This makes me wonder: what's the main bottleneck that keeps them from publishing this safety research? Unlike capabilities research, it's possible to publish most of this work without giving away model secrets, as Anthropic has shown. It would also have a positive impact on the public perception of OpenAI, at least in LW-adjacent communities. Is it nevertheless about a fear of leaking information to competitors? Is it about the time cost involved in writing a paper? Something else?

[-]leogao3mo4912

most of the x-risk relevant research done at openai is published? the stuff that's not published is usually more on the practical risks side. there just isn't that much xrisk stuff, period.

[-]anaguma3mo40

Do you currently work at OpenAI?

[-]leogao3mo150

i wouldn't comment this confidently if i didn't

[-]the gears to ascension3mo60

I don't know or have any way to confirm my guesses, so I'm interested in evidence from the lab. But I'd guess >80% of the decision force is covered by the set of general patterns of:

what they consider to be safety work also produces capability improvements or even worsens dual use, eg by making models more obedient, and so they don't want to give it to competitors.
the safety work they don't publish contains things they're trying to prevent the models from producing in the first place, so it'd be like asking a cybersecurity lab to share malware samples - they might do it, sometimes they might consider it a very high priority, but maybe not all their malware samples or sharing right when they get them. might depend on how bad the things are and whether the user is trying to get the model to do the thing they want to prevent, or if the model is spontaneously doing a thing.
they consider something to be safety that most people would disagree is safety, eg preventing the model from refusing when asked to help with some commonly-accepted ways of harming people, and admitting this would be harmful to PR.
they on net don't want critique on their safety work, because it's in some competence/caring-bottlenecked way lesser than they expect people expect of them, and so would put them at risk of PR attacks.

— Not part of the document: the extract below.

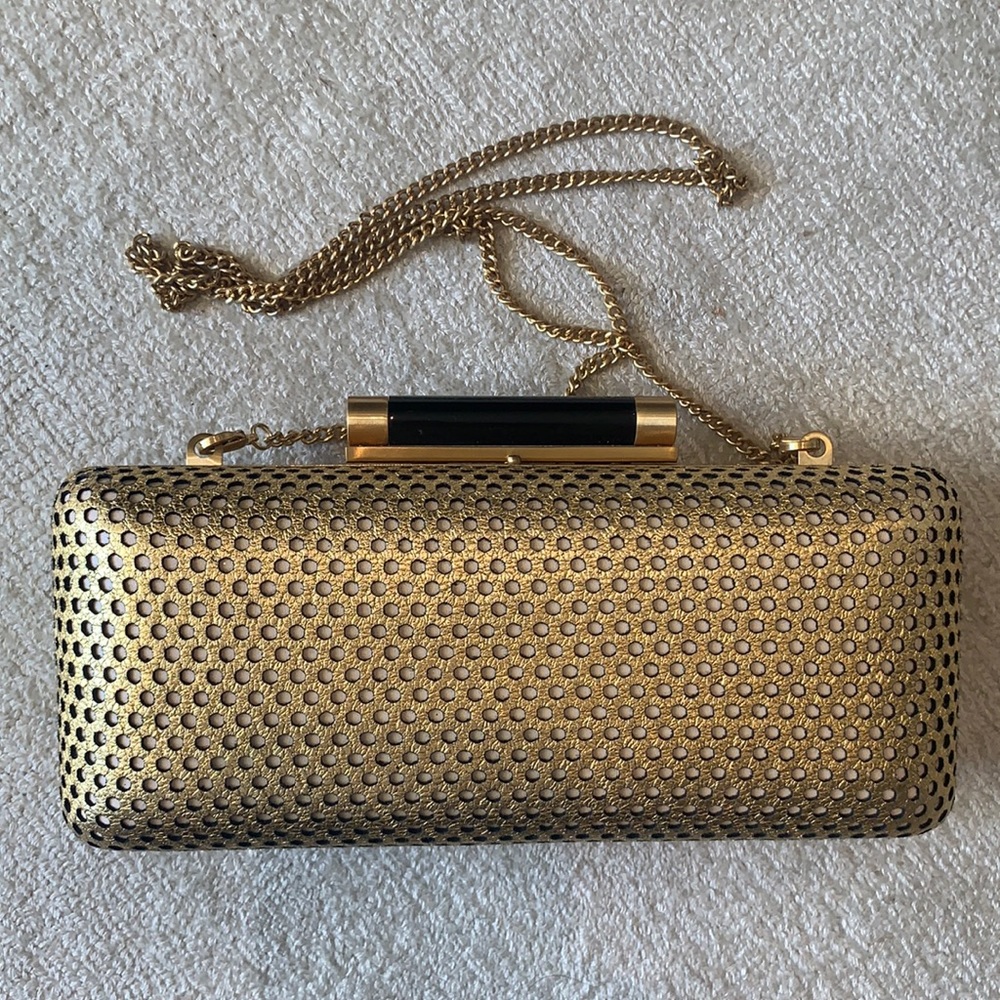 DVF Gold leather perforated clutch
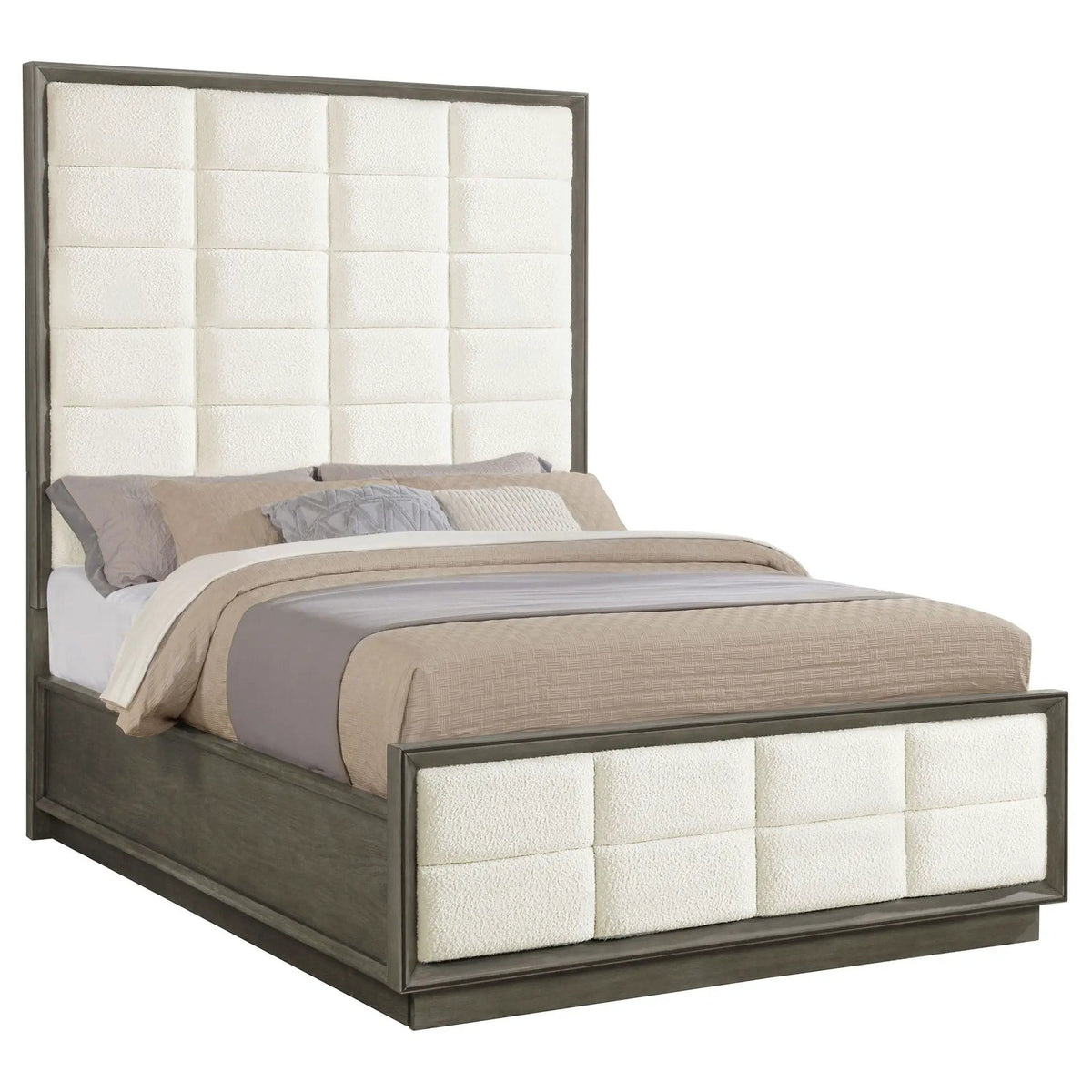 Durango 80-inch Queen Panel Bed Taupe | 65 x 86 x 80 in | Engineered Wood & Veneer | Oak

I expect this is a major force that at least some in some labs org either don't want to admit, or do want to admit but only if it doesn't come with PR backlash.
it's possible to make their safety work look good, but takes a bunch of work, and they don't want to publish things that look sloppy even if insightful, eg because they have a view where most of the value of publishing is reputational.

[-]leogao3mo222

openai explicitly encourages safety work that also is useful for capabilities. people at oai think of it as a positive attribute when safety work also helps with capabilities, and are generally confused when i express the view that not advancing capabilities is a desirable attribute of doing safety.

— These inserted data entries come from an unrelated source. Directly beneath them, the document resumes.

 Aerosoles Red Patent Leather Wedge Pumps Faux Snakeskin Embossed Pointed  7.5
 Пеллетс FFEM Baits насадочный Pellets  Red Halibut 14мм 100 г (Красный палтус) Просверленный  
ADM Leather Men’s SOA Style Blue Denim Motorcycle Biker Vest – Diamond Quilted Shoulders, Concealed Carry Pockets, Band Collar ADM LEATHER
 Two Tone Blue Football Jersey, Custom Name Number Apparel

i think we as a community has a definition of the word safety that diverges more from the layperson definition than the openai definition does. i think our definition is more useful to focus on for making the future go well, but i wouldn't say it's the most accepted one.

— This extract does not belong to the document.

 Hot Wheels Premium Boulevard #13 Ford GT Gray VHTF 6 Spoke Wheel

i think openai deeply believes that doing things in the real world is more important than publishing academic things. so people get rewarded for putting interventions in the world than putting papers in the hands of academics.

[-]J Bostock3mo52

I imagine that publishing any X-risk-related safety work draws attention to the whole X-risk thing, which is something OpenAI in particular (and the other labs as well to a degree) have been working hard to avoid doing. This doesn't explain why they don't publish mundane safety work though, and in fact it would predict more mundane publishing as part of their obfuscation strategy.

[-]leogao3mo212

i have never experienced pushback when publishing research that draws attention to xrisk. it's more that people are not incentivized to work on xrisk research in the first place. also, for mundane safety work, my guess is that modern openai just values shipping things into prod a lot more than writing papers.

[-]sjadler3mo52

(I did experience this at OpenAI in a few different projects and contexts unfortunately. I’m glad that Leo isn’t experiencing it and that he continues to be there)

[-]leogao3mo51

I acknowledge that I probably have an unusual experience among people working on xrisk things at openai. From what I've heard from other people I trust, there probably have been a bunch of cases where someone was genuinely blocked from publishing something about xrisk, and I just happen to have gotten lucky so far.

[-]leogao3mo30

it's also worth noting that I am far in the tail ends of the distribution of people willing to ignore incentive gradients if I believe it's correct not to follow them. (I've gotten somewhat more pragmatic about this over time, because sometimes not following the gradient is just dumb. and as a human being it's impossible not to care a little bit about status and money and such. but I still have a very strong tendency to ignore local incentives if I believe something is right in the long run.) like I'm aware I'll get promoed less and be viewed as less cool and not get as much respect and so on if I do the alignment work I think is genuinely important in the long run.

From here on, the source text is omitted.